# Do guarantees effect surge



## EllyUberNJ (Jan 6, 2015)

Hudson county NJ has been surging ALL THE TIME LATELY. They just started offering guarantees during morning rush hour. I'm wondering if surge has been effected in your area once they started offering driver guarantees


----------



## Cartman59 (Feb 4, 2015)

This week they divided Cleveland into 6 surge zones. We still have guarantees in am and during weekend peak times however surge blew guarantees away. Made $150 1-3 am Sat night.

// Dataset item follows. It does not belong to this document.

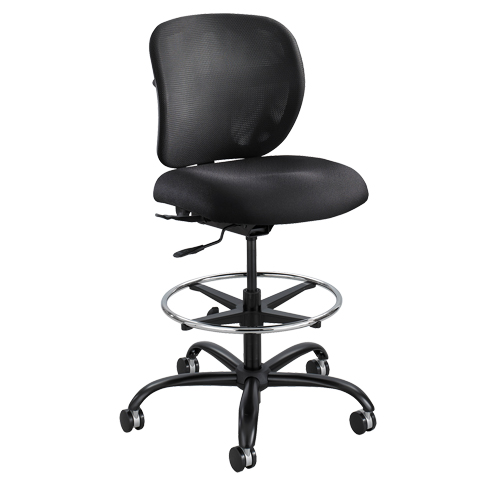 Tabouret robuste Vue, Nylon, Noir, Capacit&eacute; 350 lb Equipex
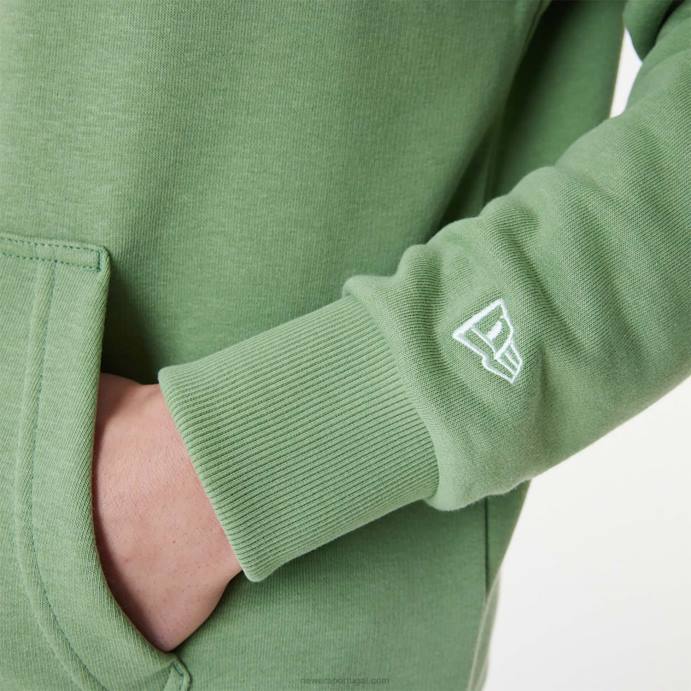 FFTN2664 New Era new york yankees mlb pull over verde com logo empilhado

Guarantee was only $60 for the 2 hours.


----------



## Goober (Oct 16, 2014)

if drivers are trying to "game" the guarantee by sitting in "dead zones", averaging one minimum fare per hour rather than heading to hotspots and actually trying to get fares...then yes, the guarantees effectively encourage surge pricing.


----------



## EllyUberNJ (Jan 6, 2015)

In Hoboken we've had all drivers signing off when there is no surge in order to create one. It's pretty funny when you look at the pax app and there are ZERO drivers when there is no surge, but once surge happens all of a sudden 15 cars come out of nowhere.

My question is whether drivers will no longer do this if they have a $35/hour guarantee.


----------



## ElectroFuzz (Jun 10, 2014)

EllyUberNJ said:


> Hudson county NJ has been surging ALL THE TIME LATELY. They just started offering guarantees during morning rush hour. I'm wondering if surge has been effected in your area once they started offering driver guarantees


Same thing here is Phoenix.
Surges and "No UberX Available" during rush hour due to fare cuts.
Uber's "rush hour guarantee" is obviously a way for them to try and "fix it".
I hope they will fail and resort to raising fares instead.....


----------